Martin Supancic writing about how to Tune Your German Green Energy Asset Without Getting Sun Burnt in the Attempt

German renewable energy assets are quite appealing due to the stable regulatory framework, although costs are mounting for German households. As a consequence, the pressure is growing for painful political decisions to be taken in order to curb this phenomenon. The surge of German renewable investments over the past few years has led to a gradual adjustment of the corresponding Feed-in-Tariffs (FiTs) in an attempt to disincentivise the amount of newly built capacity, especially in the form of large ground-mounted projects going forward. Thus, investors who were lucky enough to fetch a park in recent months have had to conform themselves to ever lower returns.

Finding strategies to lift the relatively low equity IRRs (5% to 6%) is challenging but not impossible. Buyers of PV parks prior to Jan. 2012 will probably find it easier to uncover hidden value – during the heydays of investment frenzy, project developers, EPCs and O&M contractors could easily turn a quick buck while dictating the transaction terms. Demand was gleaming hot and projects quickly sold in competitive bidding processes, even before being completed, to ensure the highest possible FiTs. As the tariffs dropped, all stakeholders adjusted to the circumstances: PV module prices fell substantially (e.g. global glut, new manufacturing capacity being added in China…), EPC and O&M costs came down to permit attractive prices perMWp, while project developers reined in their margins. As a result, both project costs (EUR/MWp) and O&M prices are quite different today compared to those two or more years ago, opening the door to optimisation potentials.

When we examine options allowing investors to extract further value from their existing assets, we can differentiate between pure financial (e.g. refinancing) and operational measures – I will focus on the latter. The typical “P&L” of a PV park is a good starting point:

– Sales
– Maintenance
– Insurance
– Miscellaneous Expenses: Accounting, Electricity…

Sales: Since the first of January2012 the revised EEG 2012 offers under §33b the opportunity to directly market renewable energy via the so-called “Market Bonus Scheme”, a limited-time opportunity. Provided the park is equipped with remote control devices, allowing it to be decoupled from the grid (e.g. negative market prices), the owners may earn two small margins (total approximately 1.4-1.7%) on top of the FiTs. Sounds like peanuts but for parks upwards of 20 MW, this can easily mean some EUR +100,000 over 18 months.

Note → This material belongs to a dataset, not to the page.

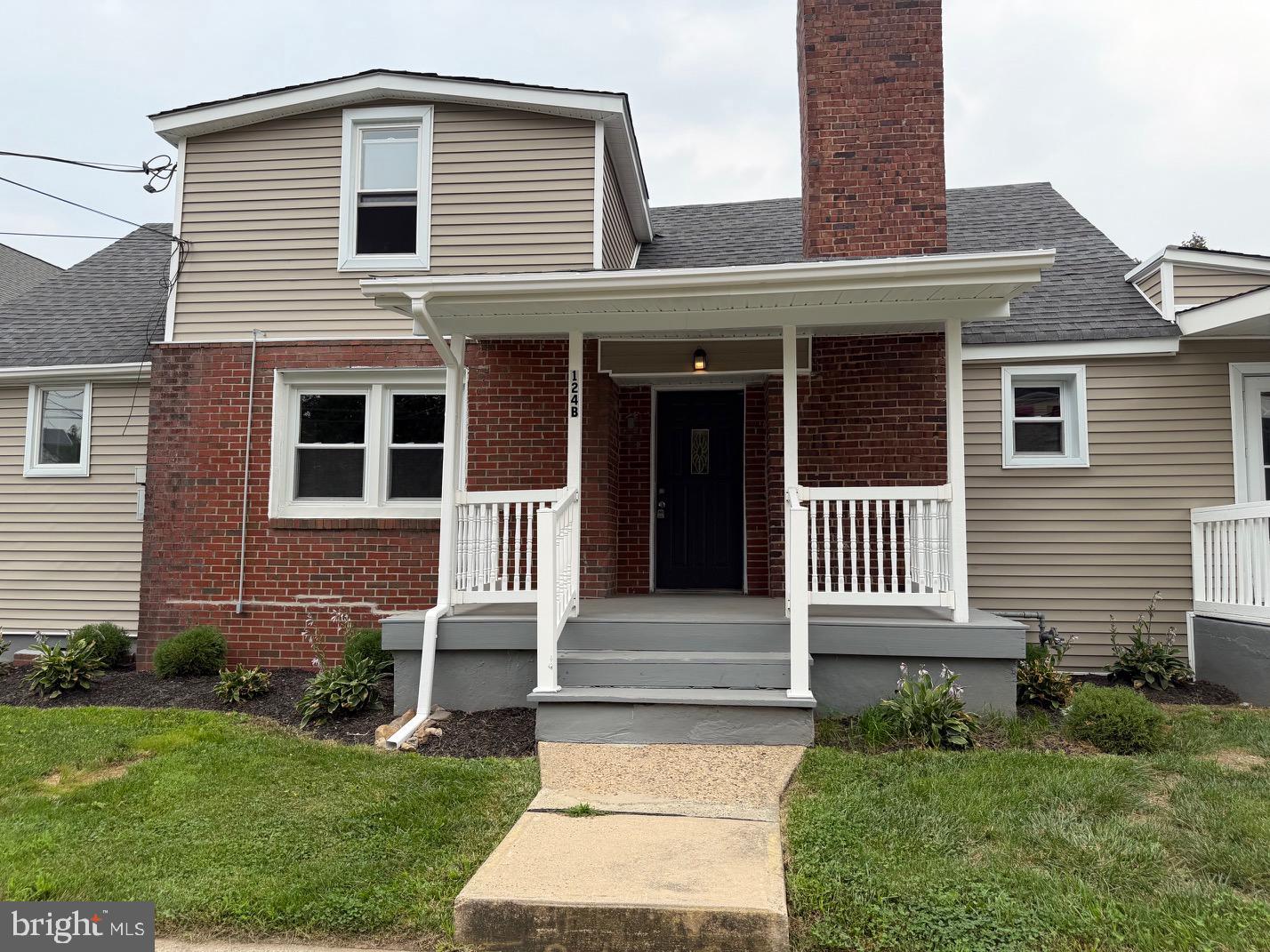 124 Robbins Ave #Apt B — photo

Maintenance: This is a more complex issue, where risk, covered/non-covered expenses and legal contracts must careful be considered. The result will depend on the existing supplieragreements, options to premature rescissions, and particularly bank consent, assuming the assets are debt financed. Its weight in overall operating costs is significant, thus, even a 1 or 2 EUR/kWp reduction positively impacts the recurring cash flow.

Insurance: As a percentage of operating costs, this is a relatively small item but it too, can be optimized, although absolute savings will be more limited.

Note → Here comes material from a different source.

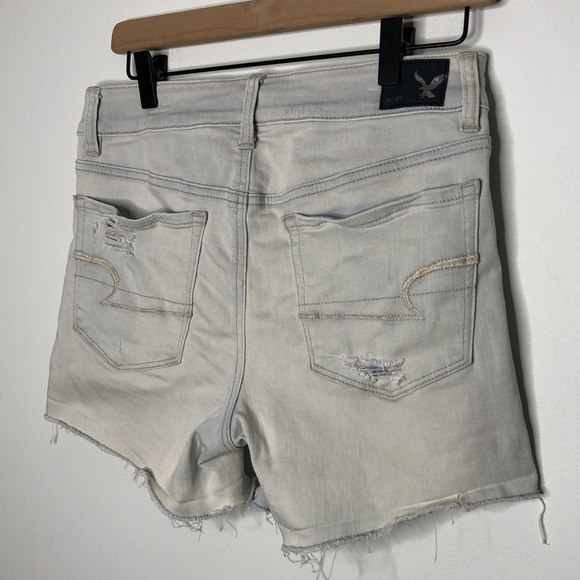 American Eagle Light Wash Hi-Rise Shortie Size 8 - Picture 4 of 7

Miscellaneous Expenses: This is a bit of a rag bag, with limited potential for a “hair cut”.

Stay tuned as subsequent blog posts shed additional light on the revenue-enhancing and cost cutting potential available to German green asset owners. Looking forward to your comments and particularly for your experiences in executing the mentioned optimization measures.

About the Author

Martin Supancic (37) is external financial advisor to Sojitz Europe plc, the European operations of Japanese trading company Sojitz Corp., with offices on all continents and in major European business capitals. He analyzes photovoltaic investments in Europe and Latin America, and has closed transactions worth 27 MW (more than EUR 65 mill.). In addition, he scouts for innovative cleantech start-ups, helping them grow their sales and arrange venture capital financing. Prior to advising Sojitz Europe plc, Martin advised companies in their internationalization efforts, headed international corporate development at now defunct Spanish biodiesel start-up Green Fuel Corporacion, SA, (shareholders included Endesa, Tecnicas Reunidas, Grupo TSK) and worked on multi sector deals, incl. wind and solar parks, at Deloitte Corporate Finance/Transaction Advisory Services in Madrid, Spain.

Interview with Cofounder of Canadian Clean Energy Conferences Andrew Slavin

In 2009, Canadian Clean Energy Conferences was established in order to support the development of the Canadian renewable energy industry. It is a Quebec-based company that organizes renewable energy and climate events across Canada. Through business-to-business conferences, CEO think tanks, and training workshops, Canadian Clean promotes the advancement of renewable energies in efforts to mitigate anthropogenic climate change.

One of their recent and most prominent events includes the annual Ontario Feed-in-Tariff Forum that took place 3-4 April 2013. This event has previously attracted over 1200 attendees from around the world. It focuses on the opportunities provided by Ontario’s Feed-in-Tariff program for the renewable energy sector.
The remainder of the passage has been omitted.